Indulge your senses with these irresistible Double Chocolate Peppermint Cookies that are not only decadently delicious but also gluten-free and dairy-free! Imagine biting into a warm, chewy cookie packed with rich chocolate flavor and a refreshing hint of peppermint—perfect for the holiday season or any time you crave a sweet treat. With just 27 minutes from prep to plate, these cookies are an easy way to satisfy your chocolate cravings while catering to dietary needs. Get ready to impress your friends and family with a delightful dessert that’s sure to be a hit!
Prep Time: 15 mins
Cook Time: 12 mins
Total Time: 27 mins
Cuisine: Gluten Free
Serves: 24 cookies
Ingredients
- 1 cup almond flour
- 1/2 cup cocoa powder
- 1/2 cup coconut sugar
- 1/4 cup coconut oil
- 2 large eggs
- 1 teaspoon vanilla extract
- 1/2 teaspoon peppermint extract
- 1/2 teaspoon baking soda
- 1/4 teaspoon salt
- 1 cup dairy-free chocolate chips
Instructions
- Preheat your oven to 350°F (175°C). Line a baking sheet with parchment paper to prevent the cookies from sticking.

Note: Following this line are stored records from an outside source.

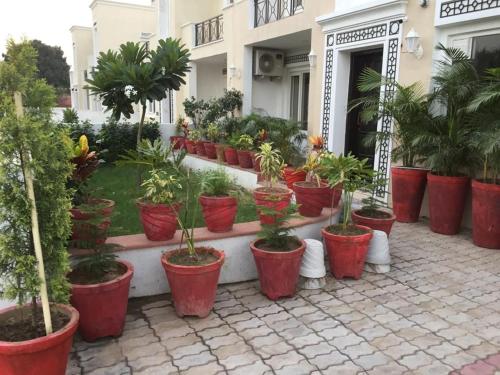a bunch of potted plants in red pots in front of a building at Villa 5 in Sohāna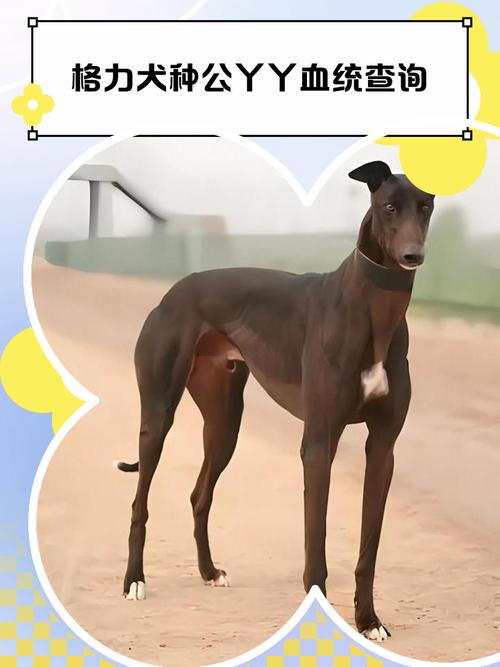 怎样打开澳洲绿网格力犬网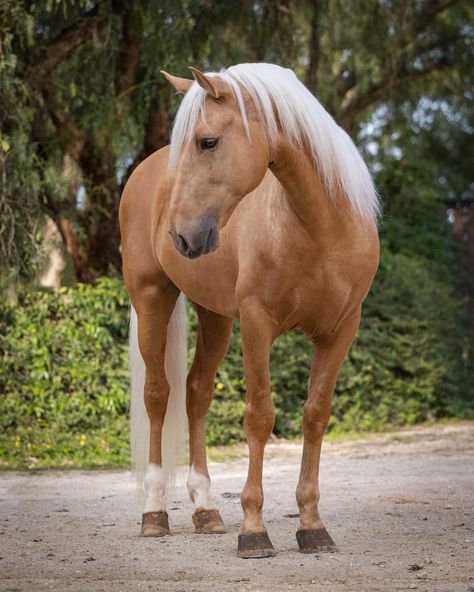 Lusitano Stallion, Male Horse, Lusitano Horse, Horse Coat Colors, Buy A Horse, Palomino Horse, Horse Aesthetic, This Boy, Horse Coloring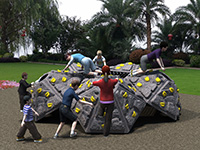 Fake Rock Climber Playground Outdoor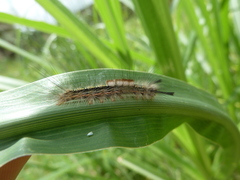 Lepidoptera
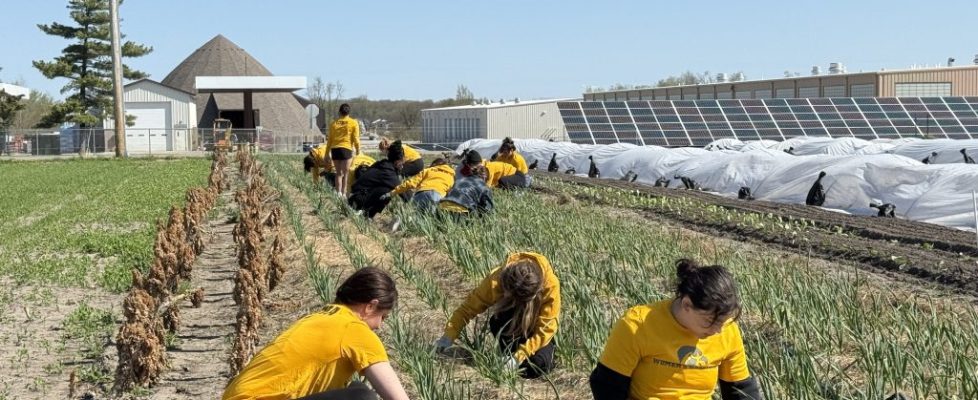 Volunteers gleaning in fields at grow johnson county
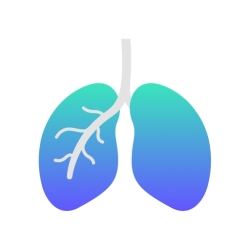 لوگو Smoke Free App: Quit Smoking ++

- In a large mixing bowl, combine 1 cup of almond flour, 1/2 cup of cocoa powder, 1/2 teaspoon of baking soda, and 1/4 teaspoon of salt. Whisk these dry ingredients together until well combined.
- In a separate bowl, melt 1/4 cup of coconut oil. Allow it to cool slightly, then add 1/2 cup of coconut sugar, 2 large eggs, 1 teaspoon of vanilla extract, and 1/2 teaspoon of peppermint extract. Whisk the wet ingredients together until smooth and well blended.
- Pour the wet mixture into the bowl with the dry ingredients. Stir until just combined, being careful not to overmix. The dough will be thick.
- Fold in 1 cup of dairy-free chocolate chips, ensuring they are evenly distributed throughout the dough.
- Using a tablespoon or cookie scoop, drop rounded balls of dough onto the prepared baking sheet, leaving about 2 inches of space between each cookie to allow for spreading.
- Bake the cookies in the preheated oven for 10-12 minutes, or until the edges are set and the tops look slightly cracked. They may appear soft but will firm up as they cool.
- Once baked, remove the cookies from the oven and let them cool on the baking sheet for about 5 minutes before transferring them to a wire rack to cool completely.
- Enjoy your delicious double chocolate peppermint cookies, perfect for a gluten-free and dairy-free treat!
Tips
- Measure Accurately: Use a kitchen scale for precise measurements, especially for the almond flour and cocoa powder, to ensure the best texture for your cookies.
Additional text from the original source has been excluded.